Direktur Pengembangan Kerjasama Pemerintah dan Swasta Kementerian Perencanaan Pembangunan Nasional (PPN)/Bappenas, Bastary Pandji Indra mengaku khawatir atas keputusan tersebut. Sebab, bila diajukan ke arbitrase maka Jakarta sangat mungkin kalah.
"Pemutusan kontrak itu, memungkinkan Jakarta kalah dan mengganti rugi," kata Bastary di Jakarta, Selasa (3/3).
Di samping itu, kata Bastari, pemutusan kontrak antara Pemprov DKI Jakarta dan PT JM diperkirakan bakal menyurutkan minat investor untuk melakukan pembangunan di ibukota bahkan Indonesia.
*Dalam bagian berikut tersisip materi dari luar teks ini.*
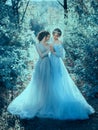 Two beautiful princess Royalty Free Stock Photo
Bila dilihat dari kasusnya, proyek monorail sebetulnya sudah disetujui oleh Gubernur DKI Jakarta sebelum Ahok.
Namun, mendadak proyek pembangunan ini batal lantaran dianggap tidak ada keseriusan dari PT JM untuk menyelesaikan pembangunan tersebut. Maka itu, dia berharap sistem birokrasi tidak mempengaruhi iklim investasi.
"Presiden (Joko Widodo) kan sekarang ingin iklim investasi semua diserahkan Badan Koordinasi Penanaman Modal (BKPM). Tapi jaminan aman dan nyaman investor itu bagaimana," terangnya.
Seperti diketahui, PT JM mengancam akan menggugat Pemprov DKI ke pengadilan jika pemutusan kerja dilakukan. Mereka pun yakin bila persoalan ini dibawa ke hukum akan menang telak.
Direktur Utama PT JM, Sukmawati Syukur, menolak jika dikatakan pihaknya tak mau membangun monorail. Sebab yang terjadi, penghentian datang dari Pemprov DKI Jakarta addendum perjanjian kerja sama antara PT JM dan pemerintah daerah DKI Jakarta belum dilakukan.
"Jika dituding tidak bekerja, kami menolak. Sebab addendum perjanjian yang memuat persetujuan Depo dan bisnis plan belum disetujui oleh DKI, jadi pekerjaan konstruksi juga tidak bisa diteruskan," ungkap dengan nada kesal saat dihubungi, Senin (26/1).
Dalam addendum tersebut terdapat dua lampiran, bisnis plan dan lokasi Depo, yang selalu dibahas oleh Pemprov DKI Jakarta. Ahok tidak sepakat dengan rencana pembangunan Depo di Tanah Abang dan Waduk Setiabudi.
Sukmawati mengharapkan Pemprov DKI Jakarta dapat memberikan solusi untuk relokasi ini. "Dua itu yang terus diutak-atik oleh Pemerintah DKI. Tapi kalau memutuskan kontrak silakan saja. Kami tunggu suratnya. Seperti apa suratnya. Masalah pemutusan kerja sama upaya hukum itu dilakukan untuk yang teraniaya. Kalau bisa berunding lebih bagus," tutupnya.